【REVIEWS】Breathe Carolina – Savages 〜 新たなる門出を祝う最先端ダンスミュージック 〜
Released:5/28/2014 – TRIPLE VISION / Fearless
2007年、米コロラド州にてDavid SchmittとKyle Evenを中心に結成されたエレクトログループの4枚目となる最新作がリリース。デビュー作はRise Records、2ndと3rdに続き今作もFearless Recordsからのリリースとなる。しかし2013年、結成当初からのメンバーでありクリエイティヴ面でも大きく関わっていた相方のKyle Evenが脱退。さらに、同じく初期からのメンバーであったJoshua Aragonも脱退。新たにそれまでLiveでのサポートメンバーであったEric Armenta(Drums)、Luis Bonet(DJ, Keyboards, Bass)に加え、新メンバーTommy Cooperman(Guitar)を加えフルバンド化。新体制になり初となる一枚だけに、注目の作品でもあった。
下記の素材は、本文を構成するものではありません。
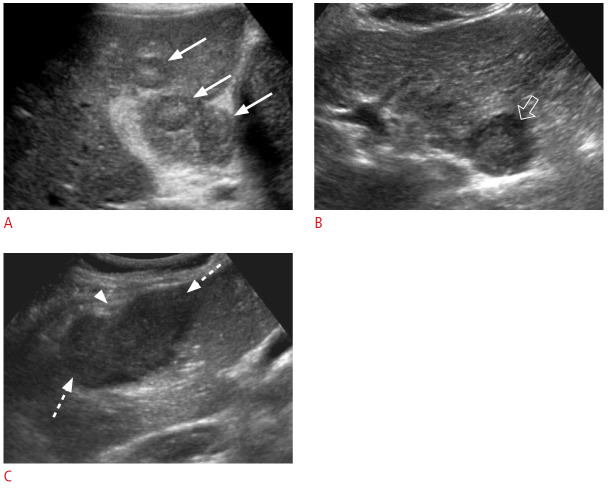 Fig. 15.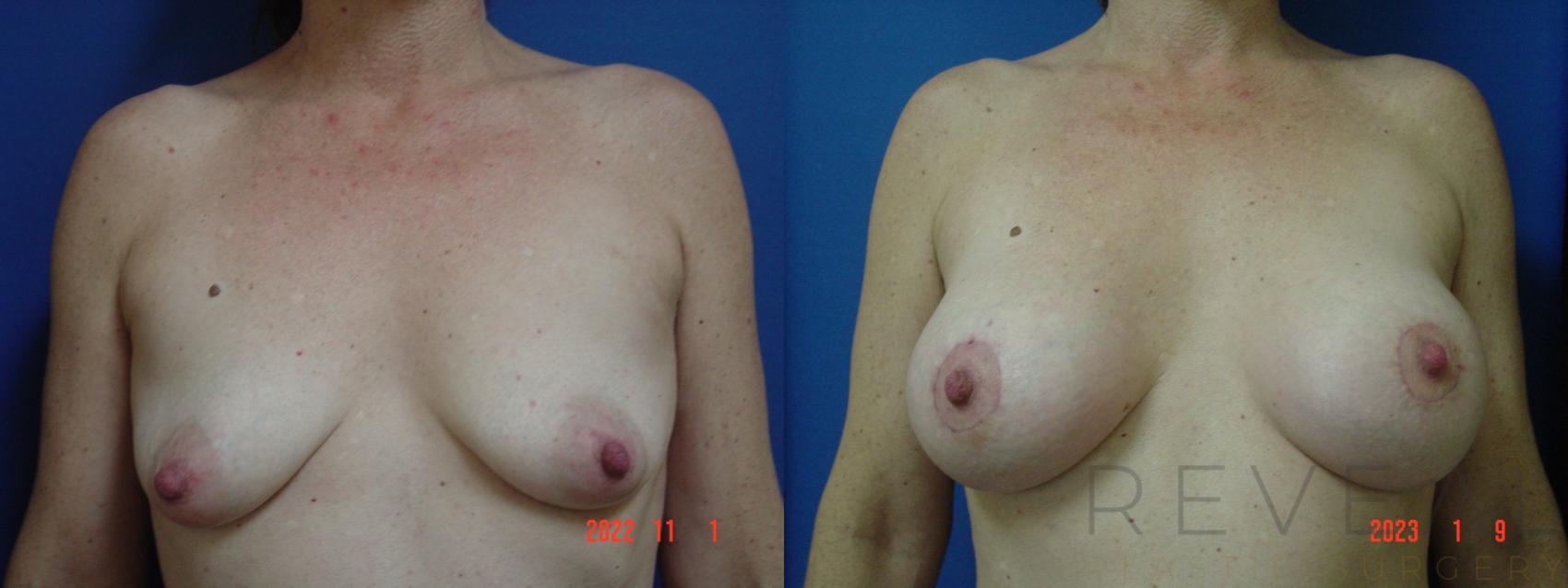 Before & After Breast Augmentation Case 704 Front View in San Jose, CA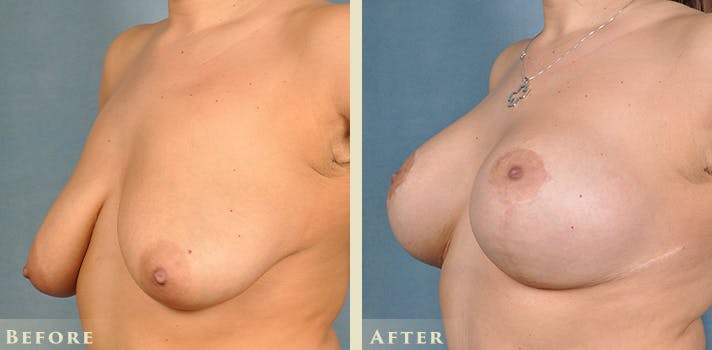 Breast Augmentation and Lift Before & After Gallery - Patient 921224 - Image 2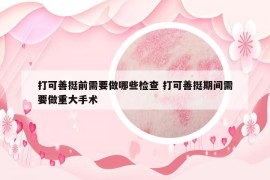 打可善挺前需要做哪些檢查 打可善挺期間需要做重大手術(shù)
昨年先行で発表されたタイトルトラック “Savages” では、スタイリッシュでカラフルなエレクトロポップとEDMをミックス。これまでスクリームを担当していたKyleが脱退し、ブルータルな側面は消滅するのかと思いきやAsking AlexandriaのDanny Worsnopをフィーチャーし、アグレッションと切ないメロディーを絡めた “Sellouts” という名曲を産み出した。その他にも、全米大人気エレクトロデュオKarminをフィーチャーしたクラブアンセムの “Bang It Out”。そして昨今最も客演の多いIssuesのTyler Carterが美しくもアンニュイでソウルフルなボーカルを聴かせる “Chasing Hearts” 等、それぞれの豪華なアーティスト達の個性を見事に際立たせるサウンドメイクも抜群。「今作は自分達の大好きなEDMサウンドにしようと思った」 と話すDavidの言葉通り、これまでのハイブリッドなエレクトロと俗にいうEDMが混ざり合った “Collide” や “Mistakes”。EDMシーンの大人気DJであるAviciiの “Wake Me Up” を彷彿とさせる、牧歌的要素と哀愁感を持った “Please Don’t Say” など前衛的かつトレンディーなダンスミュージックが詰まっている。
新たな旅路は始まったばかりだが、新体制の不安など微塵も感じさせない程に振り切れたクオリティーを誇るだけに、ここからの未来も明るく照らされている事を確信させられる一枚だ。